Atrophy – Asylum

Le 15 mars 2024 posté par Metalfreak

Line-up sur cet Album


  • Brian Zimmerman – Chant
  • Mark Coglan – Guitares
  • Nathan Montalvo – Guitares
  • Josh Gibbs – Basse
  • Jonas Schütz – Batterie
  • Guests : Kragen Lum – Guitares sur 6 / Justin Stear – Basse sur 4, 6 et 7

Style:

Thrash Metal

Date de sortie:

15 mars 2024

Label:

Massacre Records

Note du SoilChroniqueur (Metalfreak) : 9/10

On ne va pas se voiler la face : les thrashers les plus nostalgiques vont avoir des palpitations de bonheur avec le retour de ce groupe au statut légendaire qu’est Atrophy.
La formation d’Arizona nous balance une nouvelle sauvagerie dont il a le secret 34 années après sa dernière déflagration sonore.
Le groupe du chanteur Brian Zimmerman, dernier membre originel de la formation, nous a pourtant sorti les cultissimes “Socialized hate” (1988) et “Violent by nature” (1990), avant de splitter en 1993.
Il y a bien eu une reformation entre 2015 et 2020 avec notamment les membres d’origine James Gulotta (basse) et le batteur Tim Kelly au milieu d’un sacré turn over de musiciens.
Rien n’explique le pourquoi du comment de tant de changements de musiciens, mais toujours est-il que Tim Kelly et quatre autres anciens membres d’Atrophy ont continué Atrophy et l’ont renommé Scars Of Atrophy dont l’EP “Nations divide” (https://www.soilchronicles.fr/chroniques/scars-of-atrophy-nations-divide) en 2022 s’est montré particulièrement incisif et poussait à l’optimisme quant au futur de cette nouvelle formation.
En résumé : le chanteur Brian Zimmerman a quitté Atrophy en 2020 après que la tournée européenne ait été interrompue par la Covid-19. Les membres restants ont continué, recrutant un nouveau chanteur, Mike Niggl. En 2021, Brian a commencé à travailler avec un nouveau guitariste, Mark Coglan donc, également sous le nom d’Atrophy.
Conséquence : par respect pour le line-up original du groupe en 1987, Tim Kelly, pourtant batteur originel d’Atrophy, a décidé de changer son nom en Scars Of Atrophy, en gardant les membres actuels que sont les guitaristes David Ruiz (Harbringer, Prelude To Ruin, ex-Borrowed Time, ex-Wartorn) et Bobby Stein (ex-Cadaverous Quartet), le bassiste Scott Heller (ex-Invictus) et donc le chanteur Mike Niggl (ex-Motive).
Tout le monde a suivi ?
Bon, depuis, le chanteur Brian a recruté un deuxième maître à riffer (Nathan Montalvo) et une section rythmique toute neuve avec le bassiste Josh Gibbs (Malevolent Creation, Swamp Gas, Alphanumeric, United Forces, ex-Solstice, ex-Thrash or Die) et le batteur Sage Johnson (Kill Command, ex-Fall of Empyrean, ex-Walpurgisnacht, ex-Exiled, ex-Master, ex-Adversor, ex-Disgruntled, ex-Eyes of Fire, ex-Slash Dementia, ex-Undertaker).
Et c’est ainsi qu’on se retrouve avec ces neuf nouveaux titres et un album qui montre qu’il est des résurrections qui valent le détour.

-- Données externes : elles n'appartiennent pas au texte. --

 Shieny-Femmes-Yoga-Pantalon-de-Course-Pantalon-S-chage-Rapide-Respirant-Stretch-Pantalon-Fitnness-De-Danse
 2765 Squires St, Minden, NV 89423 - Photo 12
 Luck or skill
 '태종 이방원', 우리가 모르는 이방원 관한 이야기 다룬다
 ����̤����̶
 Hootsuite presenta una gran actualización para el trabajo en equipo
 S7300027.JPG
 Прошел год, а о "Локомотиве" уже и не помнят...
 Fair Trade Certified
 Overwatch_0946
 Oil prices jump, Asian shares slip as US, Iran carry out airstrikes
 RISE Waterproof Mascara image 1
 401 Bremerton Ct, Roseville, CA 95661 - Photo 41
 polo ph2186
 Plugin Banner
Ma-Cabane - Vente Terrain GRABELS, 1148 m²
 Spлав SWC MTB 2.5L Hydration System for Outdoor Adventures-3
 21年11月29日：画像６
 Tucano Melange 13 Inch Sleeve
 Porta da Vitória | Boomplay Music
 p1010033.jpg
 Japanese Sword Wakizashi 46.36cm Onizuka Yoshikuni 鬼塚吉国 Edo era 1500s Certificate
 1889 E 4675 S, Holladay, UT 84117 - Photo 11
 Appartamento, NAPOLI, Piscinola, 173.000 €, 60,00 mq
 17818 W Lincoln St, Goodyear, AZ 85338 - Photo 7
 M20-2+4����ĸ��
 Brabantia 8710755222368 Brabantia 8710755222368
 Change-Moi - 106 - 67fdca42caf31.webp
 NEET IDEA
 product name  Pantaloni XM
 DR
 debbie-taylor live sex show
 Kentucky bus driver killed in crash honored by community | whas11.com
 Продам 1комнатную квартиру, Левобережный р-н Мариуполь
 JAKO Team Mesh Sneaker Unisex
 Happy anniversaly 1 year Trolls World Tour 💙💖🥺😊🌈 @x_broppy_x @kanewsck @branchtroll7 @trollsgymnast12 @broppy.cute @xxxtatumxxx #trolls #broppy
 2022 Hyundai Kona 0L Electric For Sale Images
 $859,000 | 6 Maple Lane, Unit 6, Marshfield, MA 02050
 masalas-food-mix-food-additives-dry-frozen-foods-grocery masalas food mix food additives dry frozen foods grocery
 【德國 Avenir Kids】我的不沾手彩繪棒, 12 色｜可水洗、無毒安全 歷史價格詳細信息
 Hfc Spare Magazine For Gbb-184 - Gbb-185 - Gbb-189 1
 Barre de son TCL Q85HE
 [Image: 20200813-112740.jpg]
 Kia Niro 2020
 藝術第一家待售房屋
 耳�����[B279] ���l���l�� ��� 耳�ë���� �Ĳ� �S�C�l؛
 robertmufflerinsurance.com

On ne va pas se mentir : quelle baffe !
Asylum” reste dans ce qu’Atrophy nous a proposé à la fin des années 80 : si ce n’est grâce un son des plus puissants signé Alex Parra qui prouve le millésime 2024 de cet album, tout laisserait croire que ce nouveau jet est la digne suite de la déflagration “Violent by nature”.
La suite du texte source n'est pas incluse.